As grutas são quatro, conhecidas pelos nomes de Gruta dos Ferreiros ou Buraco dos Ferreiros, Gruta Grande, Gruta da Ribeira e Gruta do Geraldes, que provavelmente nos tempos antigos se comunicaram em enorme caverna.
No entulho da primeira, apareceram cacos de louça grosseira em grande quantidade, fabricada à mão, negra, lisa ou ornamentada singelamente na superfície, um furador de osso, uma ponta de seta e um machado em forma de cunha, ambos de bronze, um crânio humano e fragmentos de outros e mais ossos humanos. É, pois, evidente que a gruta foi habitada ou serviu de sepultura.
Como a gruta tem algumas centenas de metros de superfície e nem toda foi explorada, é provável que mais documentos arqueológicos apareçam.
A gruta Grande é assombrosa pela sua magnitude e pelos efeitos surpreendentes de beleza que a luz, esbatendo-se no alabastro, produz. Nos entulhos dela encontraram-se ossos de animais (cabra ou carneiro, coelho, etc.), e também alguns ossos humanos, «que provavelmente pertenciam a um esqueleto, cuja parte principal estava incrustada no manto stalagmitico a pequena distancia, achando-se o craneo separado dos ossos do tronco».
Cacos de cerâmica idênticos à da anterior abundavam também nesta, junto dos restos humanos e «permittem referir estes a uma epocha prehistorica, que provavelmente será a neolithica».
Na gruta da Ribeira, os ossos e dentes de animais (cavalo, boi, etc.) abundavam, aparecendo, além disso, mais duas pontas de seta de quartzo hialino, algumas lascas desta substância e de sílex, mostrando tudo a sua habitabilidade pelo homem.
Além das quatro grutas referidas, há vestígios de outras no prolongamento da faixa de mármores para S. Pedro da Silva.

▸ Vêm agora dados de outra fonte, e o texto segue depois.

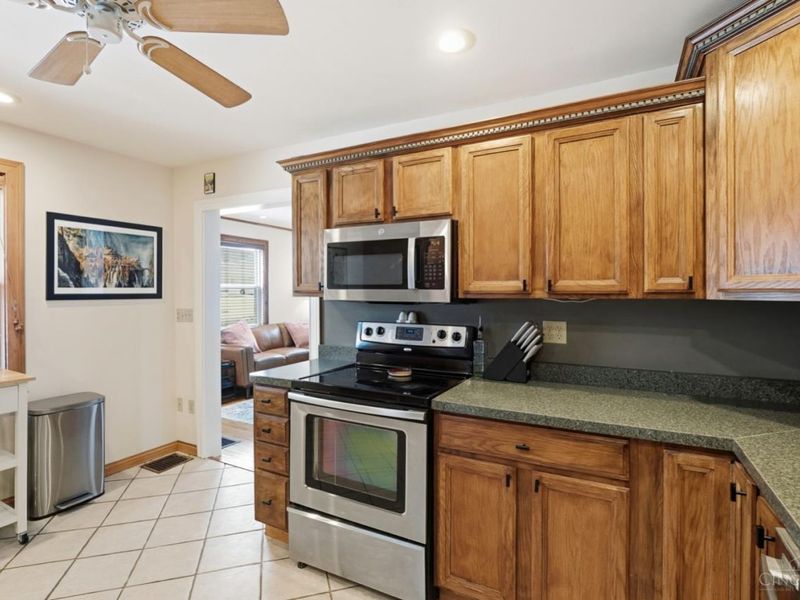 5452 Karen Avenue, Green Township, OH 45248 Photo 11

No monte do Pedriço, a uma légua de Caçarelhos, nas fendas do mármore, acharam-se dois machados polidos de anfibolite e ossadas de dois esqueletos humanos, incompletos. Soltos, à superfície do solo, encontraram-se «duas mós imperfeitas de granito partidas de cincoenta centimetros ou mais de diametro, excavadas só n’uma das faces, como se tivessem servido para se triturarem sobre ellas substancias duras com a acção de uma moleta ou pilão.
Os restos humanos obtidos nestas primeiras pesquizas pertencem a um pequeno numero de individuos, e acham-se em geral muito deteriorados para se prestarem a um estudo anthropologico rigoroso. Entretanto, a simples inspecção do craneo melhor conservado, e a de outro craneo mais incompleto comprehendendo só o frontal, os parietaes e o occipital, permittem reconhecer-se um typo dolicocephalo, análogo ao que predomina nos craneos das estações neolithicas da Extremadura. Á analogia dos typos cephalicos ha que acrescentar outros caracteres communs observaveis nos ossos longos, como são a saliencia da linha áspera dos femures e a platycnemia das tíbias.
Estes indicios levam-nos a crêr que na epocha prehistorica a que alludo, uma mesma raça, ou, melhor antes, uma população, apresentando bastantes caracteres anthropologicos communs, se extendia desde a região central até o extremo septentrional do nosso país».